TODAY, bathroom décor is so sterile and uninviting; whereas, back in the 1960s and 70s it was place of fun colors and whimsical decorations… and, yes, things did get a little weird. Take for instance, the bathroom pictured above – it looks like a delectable cake. For a moment, it seems like an inviting little birthday party and I forget that this is a place meant for pooping.
Who wouldn’t love a sherbet orange bathroom? I’ve mentioned this on several occasions: the colors of the 1970s were: Avocado Green, Harvest Yellow, Burnt Orange, and Brown. Some variations existed, such as replacing Mustard Yellow for Harvest Yellow, but the hallowed color palette of the Seventies was largely unbreakable. And it loud as these colors seem, they were actually calmer than the mod colors of the previous decade.
This catalog page comes from 1982. By then, the colors of the 70s had been jettisoned in favor of pastels.
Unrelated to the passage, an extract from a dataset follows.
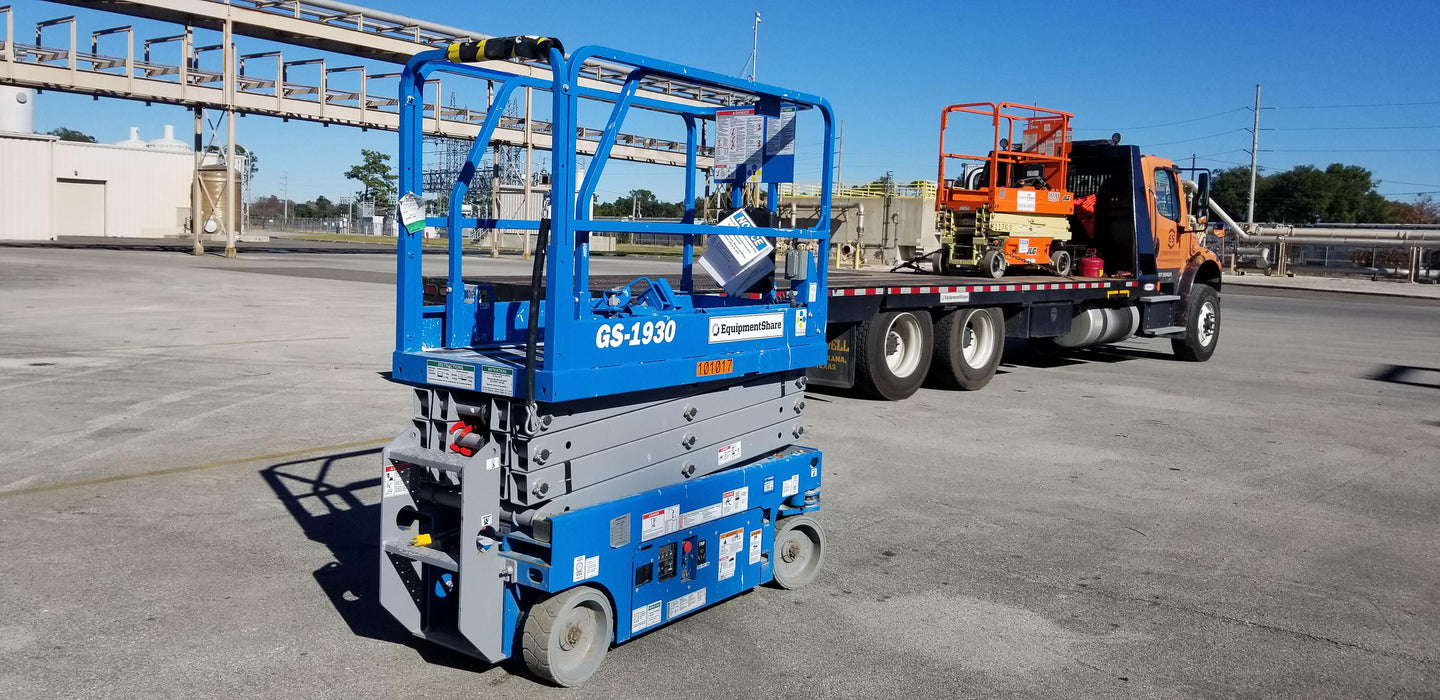 2020 Genie GS-1930 Fixed rails with chain entry gate - Pre A92.20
Goodbye earth tones, hello Miami Vice.
The towel lady at the top almost looks like she’s putting on a burlesque show for us. Only in the 70s did bathroom towel adverts look like the start of a porno.
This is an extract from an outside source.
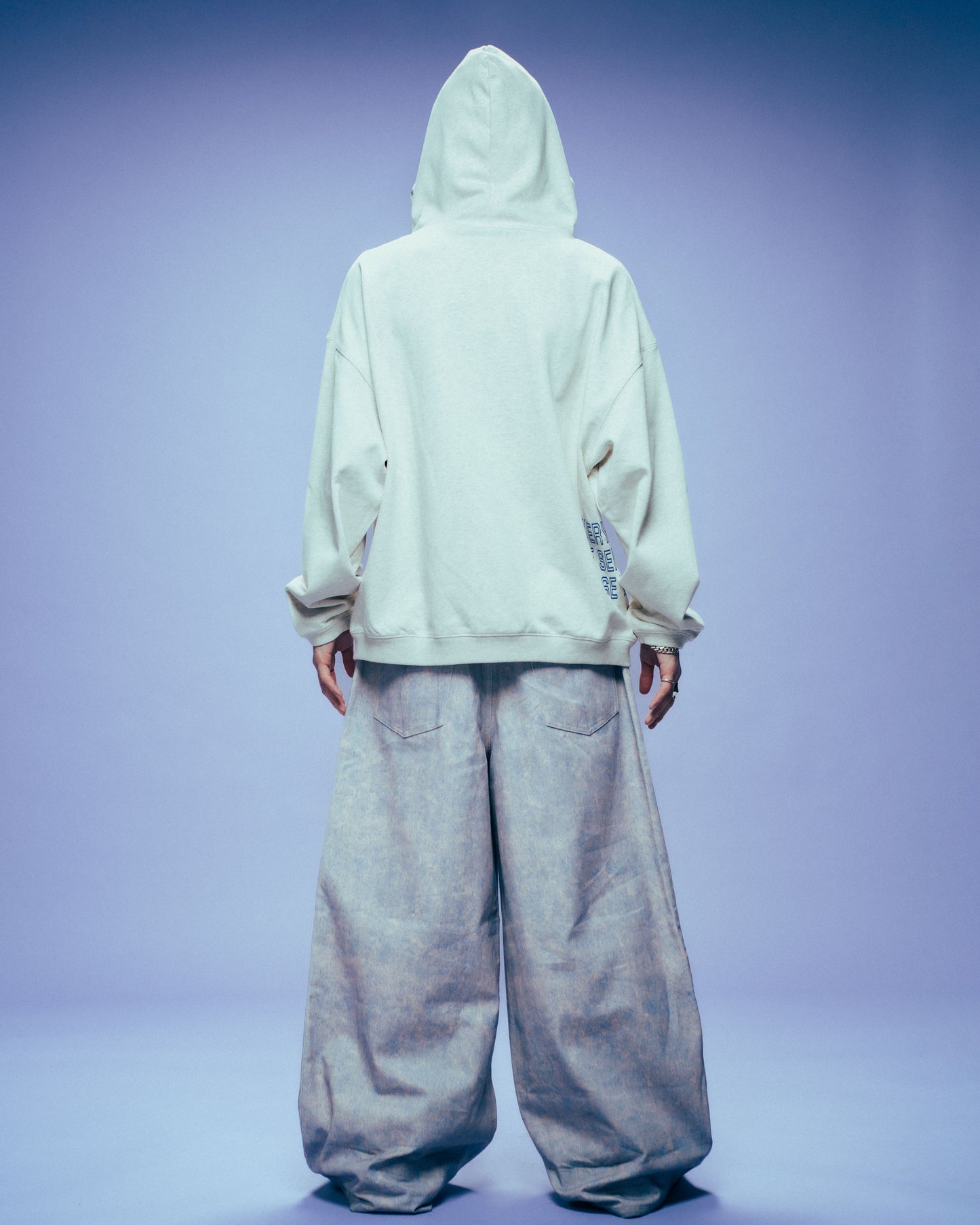 BAGGY PRINTED DENIM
Could some kind reader please explain what the hell this detachable base thingy is? Is this so that I can urinate while I brush my teeth? Inquiring minds want to know.
This 1983 shower wall looks like a disgusting patch of mildew, until you realize it’s just a ill-advised mural. I’d also like to point out something that all bathroom catalog pages had in common: without exception, there’s a chick in the picture and never a guy.
Can your mind even comprehend for a moment if, instead, this was a big hairy man in the bathtub washing his back? Not only would nobody buy this product, but the catalog itself would be discarded or burned, forever a painful memory for those unlucky enough to have gazed upon its pages.
More shower wall murals. At least these aren’t as easily confused with patches of deadly black mold. Regardless of whether it’s recognizable as art or fungus, it would still be considered the height of tackiness for a bathroom of today. As I stated at the outset, bathrooms are supposed to be sterile and coldly unwelcoming.
Thick velour padding for a bathroom probably seemed like a great idea at the time. However, all it takes is one houseguest with an unruly urine stream to come along and turn your velour palace into an unsanitary hellhole. Lush carpeting is maybe not the best idea for place of frequent pooping….
….unless, of course, your bathroom is carpeted doo-doo brown. This doesn’t solve the odor and inherent uncleanliness, but it’s a brilliant solution nonetheless.
“Look 3 inches!” When I said the bathroom carpeting of the 70s was lush, I meant it. I’m sure the dense canopies of Dacron were thriving ecosystems of E. Coli and fungi living in symbiotic harmony. 1970s bathrooms should have been declared protected nature preserves.
The text for this 1970 catalog page states that “VIP” stands for “Very Important Price”. However, I think “Vision Impairing Pink” seems more apt.
Is it just me, or does she look a little concerned that there’s an intruder in the house? “What’s that noise? I thought I heard something down the hall. Probably just the cat….”
Choose from a variety of enclosure styles, all resembling close-ups of chronic skin conditions. On sale now – Psoriasis Yellow– while supplies last!
And finally, it just wouldn’t be right to go on about retro bathrooms and not mention the wallpaper. Say what you will about 1970s tastes, it can never be accused of being plain.